Speaking about his own struggle with drug addiction and the loss of his good friend Kevin DuBrow, Glenn said: "I did about everything you can do without ending it.
"For me, I had to have had enough of everything bad, for me, until it didn't work any longer. I was rendered surrendered. Unfortunately, Kevin never got to that point.
"We lose… I mean, I've lost Tommy Bolin [DEEP PURPLE], John Bonham [LED ZEPPELIN]… The list is endless of people I've lost through the disease of alcoholism or drug addiction.
"Did I know Kevin was that sick? No, not really. Did I know Tommy Bolin was that sick? Kind of. But no one can get sober, or clean… You have to actually want to have it yourself.
"You can count… In fact, I've lost count of the people that have tried to get me sober and clean — it was frightening — until I absolutely had enough of it to stop. Unfortunately, with Kevin, none of us really knew — and I'd say Frankie especially — we never really knew how desperate he was to get clean and sober. And, to be quite honest with you, he was kind of hanging with me a lot knowing that I was sober and clean, and he was a highly inteliigent man, but drugs and alcohol, they just take everybody. So it was devastating when Kevin died."
He continued: "Look, I wasn't five years old grabbing on my mother's apron, going, 'Mommy, when I'm a man, can I be a drug addict?' It's not that. It's just in your genes. It can skip generations. It's a family disease. It's what it is. Some of us have it, some of us don't. But you have to be treat it.

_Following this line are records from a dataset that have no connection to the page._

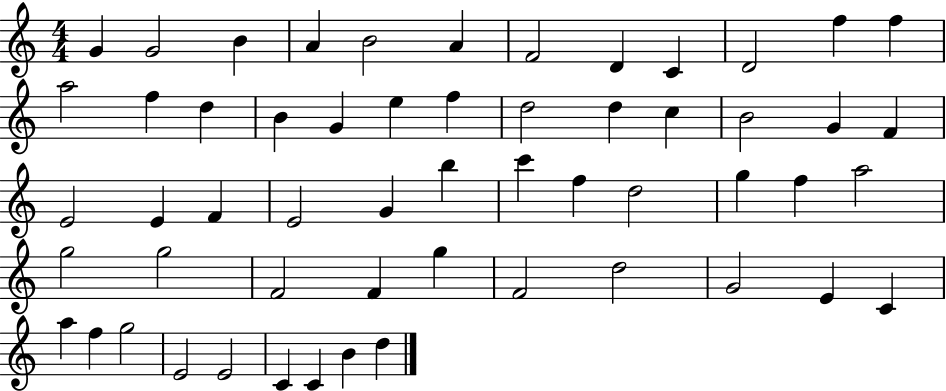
{
  \clef treble
  \numericTimeSignature
  \time 4/4
  \key c \major
  g'4 g'2 b'4 | a'4 b'2 a'4 | f'2 d'4 c'4 | d'2 f''4 f''4 | \break a''2 f''4 d''4 | b'4 g'4 e''4 f''4 | d''2 d''4 c''4 | b'2 g'4 f'4 | \break e'2 e'4 f'4 | e'2 g'4 b''4 | c'''4 f''4 d''2 | g''4 f''4 a''2 | \break g''2 g''2 | f'2 f'4 g''4 | f'2 d''2 | g'2 e'4 c'4 | \break a''4 f''4 g''2 | e'2 e'2 | c'4 c'4 b'4 d''4 | \bar "|."
}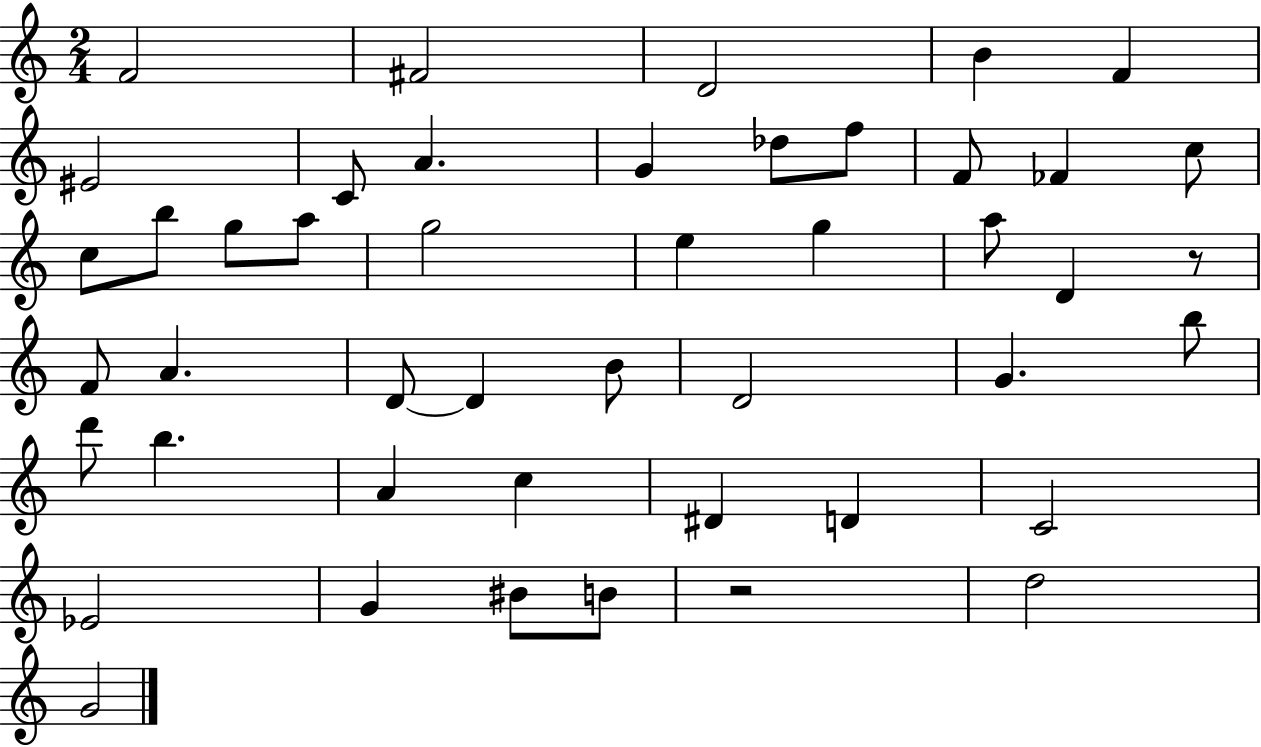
{
  \clef treble
  \numericTimeSignature
  \time 2/4
  \key c \major
  \repeat volta 2 { f'2 | fis'2 | d'2 | b'4 f'4 | \break eis'2 | c'8 a'4. | g'4 des''8 f''8 | f'8 fes'4 c''8 | \break c''8 b''8 g''8 a''8 | g''2 | e''4 g''4 | a''8 d'4 r8 | \break f'8 a'4. | d'8~~ d'4 b'8 | d'2 | g'4. b''8 | \break d'''8 b''4. | a'4 c''4 | dis'4 d'4 | c'2 | \break ees'2 | g'4 bis'8 b'8 | r2 | d''2 | \break g'2 | } \bar "|."
}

"The biggest dilemma, for me, when Kevin passed away was could I have been there? He was supposed to be in my home. It's in the movie. He wasn't there. Could I have done something? I mean, I beat myself up. There's nothing I could have done. It was written in the wind, what was gonna happen. I had no say-so. I've been around this for so long with my own recovery that there's nothing that I could have done, or I would have done it — believe me."
"Well Now You're Here, There's No Way Back: The Quiet Riot Movie" is described as a 105-minute, character-driven documentary that goes beyond the guts and glory of the common getting the band back together tale. "Well Now You're Here, There's No Way Back" reveals an unforgettable man who uses ambition, adaptability, relentless determination and principle to navigate through a business, and a series of obstacles that are attempting to control his fate.

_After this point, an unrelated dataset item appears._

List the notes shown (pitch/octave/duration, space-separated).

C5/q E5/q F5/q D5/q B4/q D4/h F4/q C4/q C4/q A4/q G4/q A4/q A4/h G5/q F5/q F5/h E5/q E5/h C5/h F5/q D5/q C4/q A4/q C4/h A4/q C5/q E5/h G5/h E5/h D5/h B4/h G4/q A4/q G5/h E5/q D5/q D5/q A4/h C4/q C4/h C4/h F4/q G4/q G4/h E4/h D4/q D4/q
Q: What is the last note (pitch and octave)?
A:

"When Frankie Banali told me he was planning to meet with Kevin DuBrow's mother to get her blessing to go on with the band and find a new singer, I thought this would be an extraordinary story for a documentary," said first-time director Regina Russell, who gained access to the private video and photo archives of the band. Russell, who is now engaged to Banali, followed the band for four years and got interviews with many of the integral characters in the group's history.

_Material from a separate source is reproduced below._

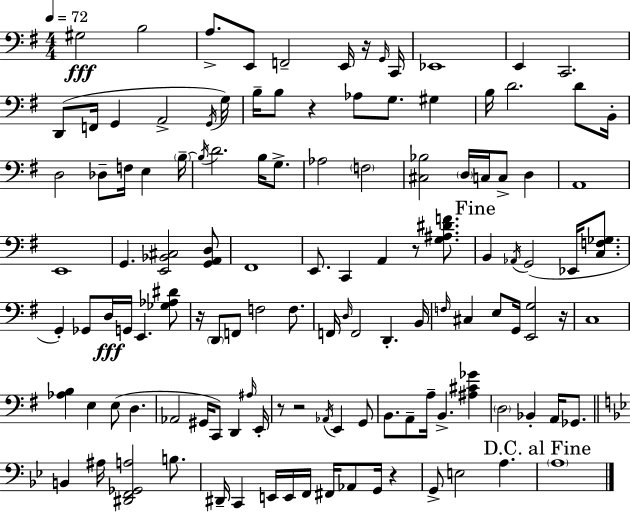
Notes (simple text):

G#3/h B3/h A3/e. E2/e F2/h E2/s R/s G2/s C2/s Eb2/w E2/q C2/h. D2/e F2/s G2/q A2/h G2/s G3/s B3/s B3/e R/q Ab3/e G3/e. G#3/q B3/s D4/h. D4/e B2/s D3/h Db3/e F3/s E3/q B3/s B3/s D4/h. B3/s G3/e. Ab3/h F3/h [C#3,Bb3]/h D3/s C3/s C3/e D3/q A2/w E2/w G2/q. [E2,Bb2,C#3]/h [G2,A2,D3]/e F#2/w E2/e. C2/q A2/q R/e [G3,A#3,D#4,F4]/e. B2/q Ab2/s G2/h Eb2/s [C3,F3,Gb3]/e. G2/q Gb2/e D3/s G2/s E2/q. [Gb3,Ab3,D#4]/e R/s D2/e F2/e F3/h F3/e. F2/s D3/s F2/h D2/q. B2/s F3/s C#3/q E3/e G2/s [E2,G3]/h R/s C3/w [Ab3,B3]/q E3/q E3/e D3/q. Ab2/h G#2/s C2/e D2/q A#3/s E2/s R/e R/h Ab2/s E2/q G2/e B2/e. A2/e A3/s B2/q. [A#3,C#4,Gb4]/q D3/h Bb2/q A2/s Gb2/e. B2/q A#3/s [D#2,F2,Gb2,A3]/h B3/e. D#2/s C2/q E2/s E2/s F2/s F#2/s Ab2/e G2/s R/q G2/e E3/h A3/q. A3/w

Production on the indie film was launched in 2010 after a surprisingly successful campaign on Kickstarter.com, in the crowdfunding web site's infancy. The campaign raised $25,000 of startup capital from the band's loyal fan base for over 30 years, and a whole new generation of young head bangers.
"Well Now You're Here, There's No Way Back" is produced and directed by Regina Russell, edited by Kelly McCoy and executive-produced by Gene Raphael Miller.